International Journal of Population Data Science (Sep 2024)
Using machine learning to gain insights into chronic disease multimorbidity: trends and patterns in British Columbia, Canada
Abstract
Objective The goal of this project is to explore novel ways to assess chronic disease multimorbidity (co-occurrence of two or more conditions) trends and patterns in the population of British Columbia (BC), Canada. Approach This study included linked data from the BC population (~5M individuals) from 2001/02 to 2019/20. We analysed 25 chronic conditions, including 7 primary cancer subtypes. We report multimorbidity (MM) incidence, prevalence, and most common disease combinations. Further we explore temporal MM disease patterns using directed network analyses and extracted data-driven disease clusters with an unsupervised machine learning algorithm. Results The age-standardized incidence of MM stayed relatively stable over the study period for males and decreased for females, while prevalence increased to approximately 1 in 4 individuals in BC in 2019/20 (from 19% to 27% of females, from 15% to 22% of males).

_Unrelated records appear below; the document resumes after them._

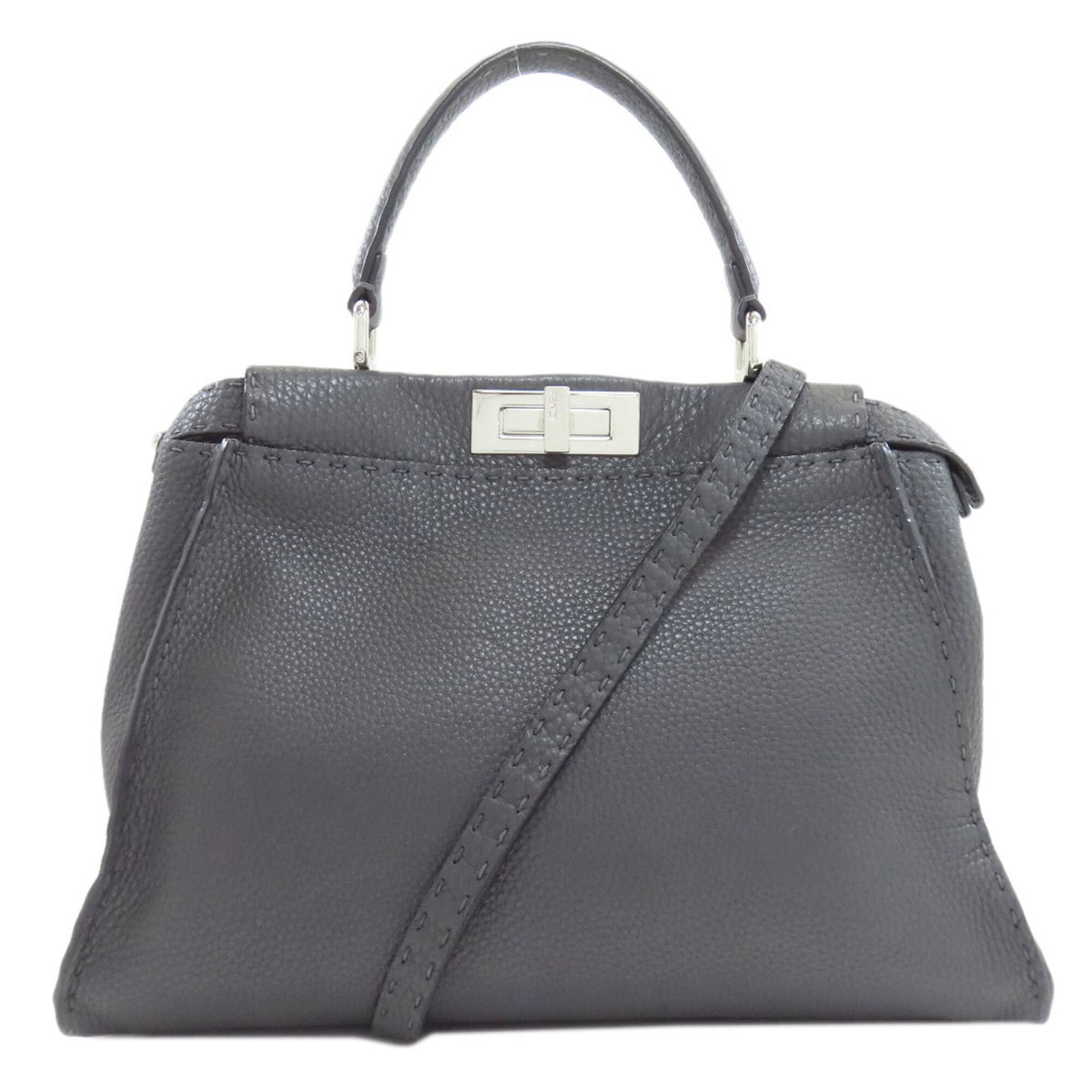 Fendi Handbag Leather: Fendi Handbag Leather Calfskin Fendi Peekaboo Handbag in Gray. This luxurious handbag features turn lock closure, shoulder strap, and measures 24cm x 33.5cm x 13.5cm. Made from high-quality leather,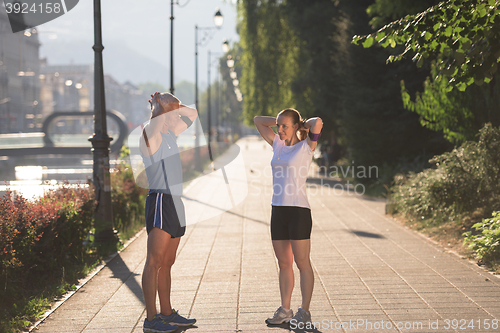 Image of couple warming up and stretching before jogging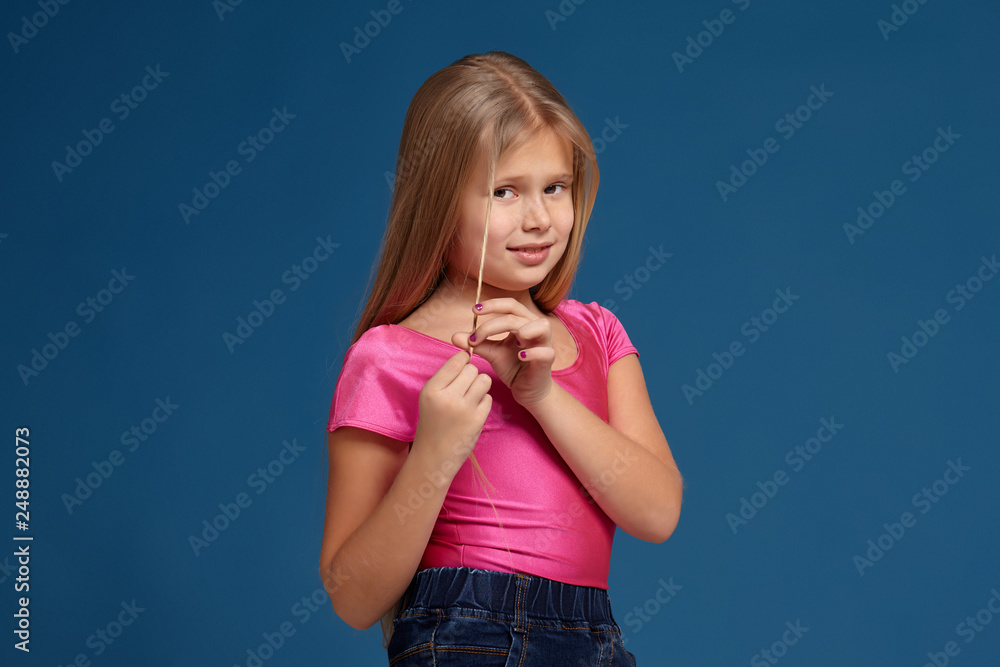 Portrait of adorable emotional little girl on blue background Portrait of adorable emotional little girl on blue background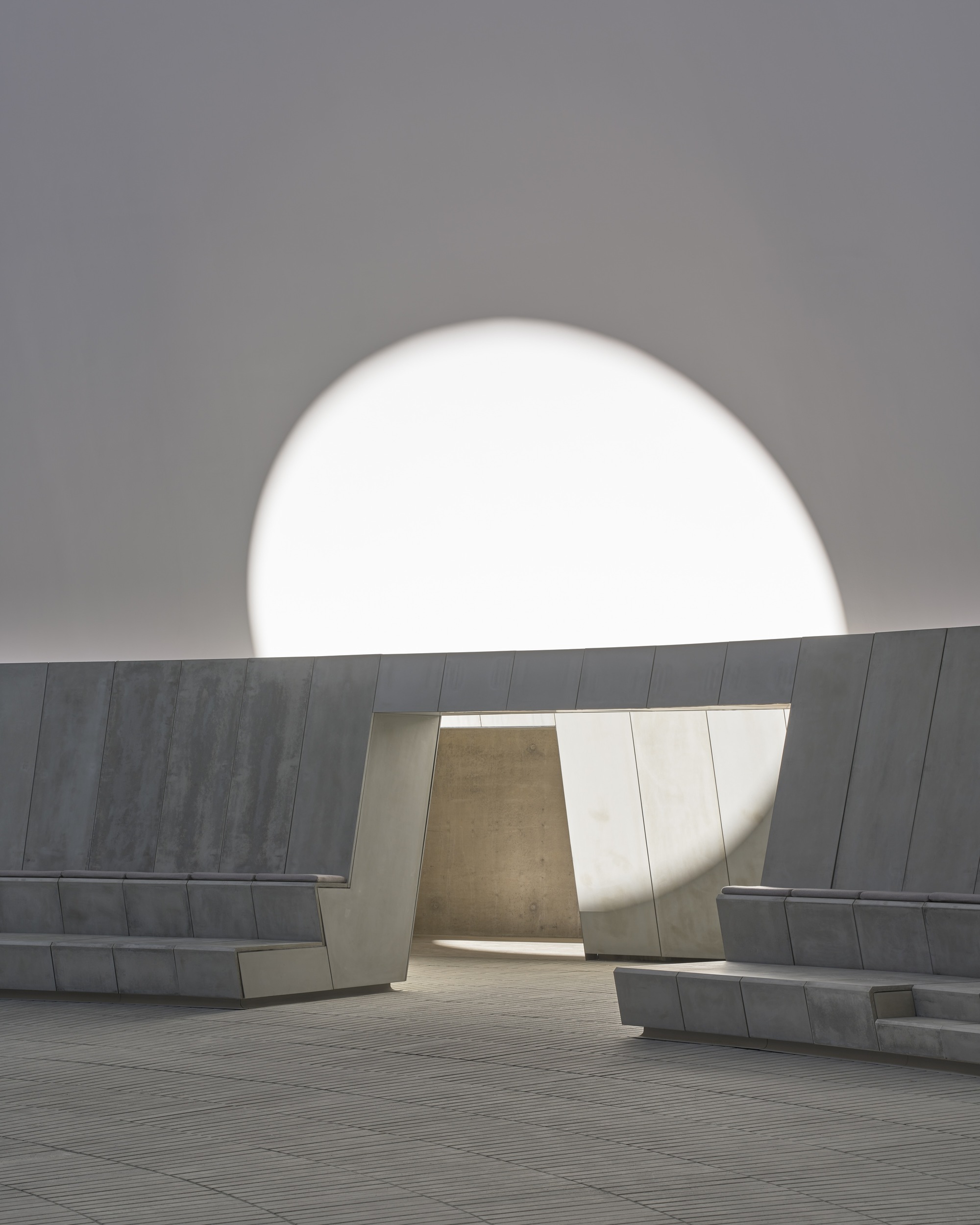 Courtyard portal framing a distant stone volume beneath a monumental circular oculus in the sky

Disease networks and clusters varied significantly by sex and age group, this presentation will highlight select disease network and cluster findings and discuss their implications for chronic disease surveillance. Conclusions The prevalence of multimorbidity continues to rise in BC. Using advanced analytics to understand disease co-occurrence patterns provides new insights above and beyond traditional epidemiological metrics to support health system planning and prevention efforts. Implications Chronic disease surveillance and research have historically operated with a single disease focus, which is not patient-centered and does not adequately account for the reality of multimorbidity for many people. This project is laying the foundation for enhanced chronic disease surveillance and monitoring in BC.